▶ _Collected data_

[Start of section]

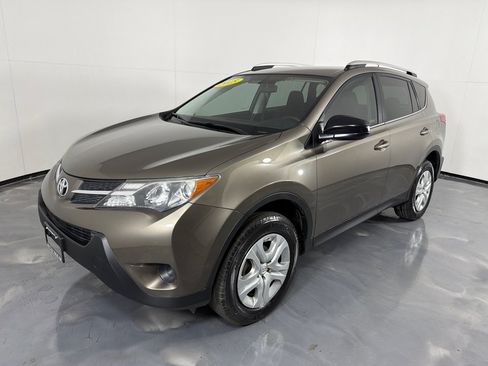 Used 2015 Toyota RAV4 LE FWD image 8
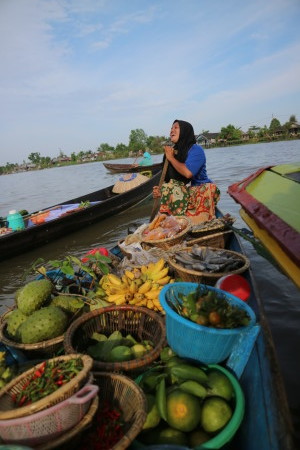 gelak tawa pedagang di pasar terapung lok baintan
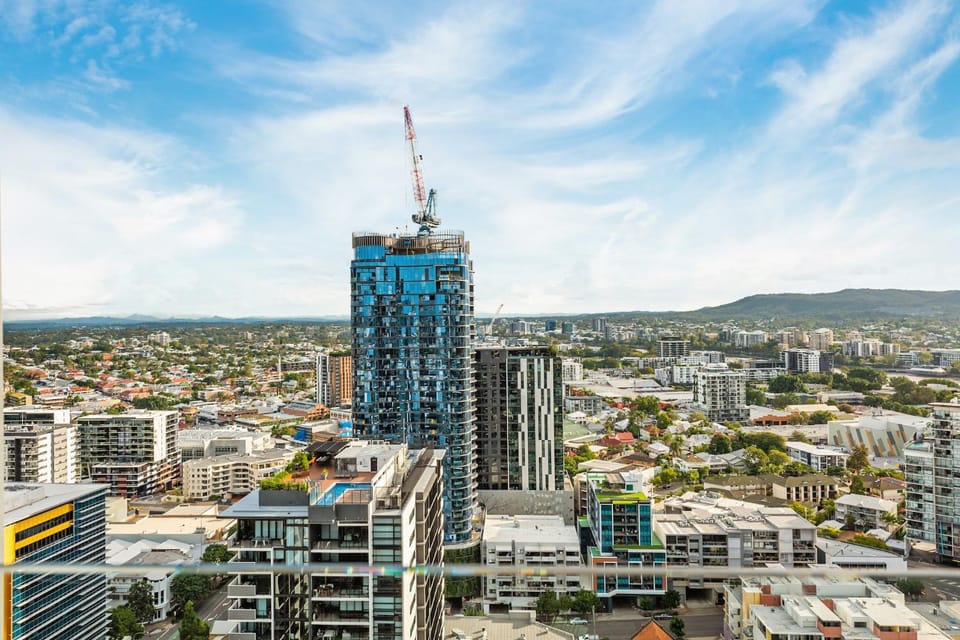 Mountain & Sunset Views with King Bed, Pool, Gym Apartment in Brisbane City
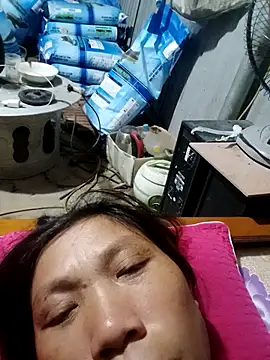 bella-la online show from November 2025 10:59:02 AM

[End of section]

▶ _Problem requirements_
Copy out all the data above exactly, minus the images.

▶ _Response to the task_
 Used 2015 Toyota RAV4 LE FWD image 8
 gelak tawa pedagang di pasar terapung lok baintan
 Mountain & Sunset Views with King Bed, Pool, Gym Apartment in Brisbane City
 bella-la online show from November 2025 10:59:02 AM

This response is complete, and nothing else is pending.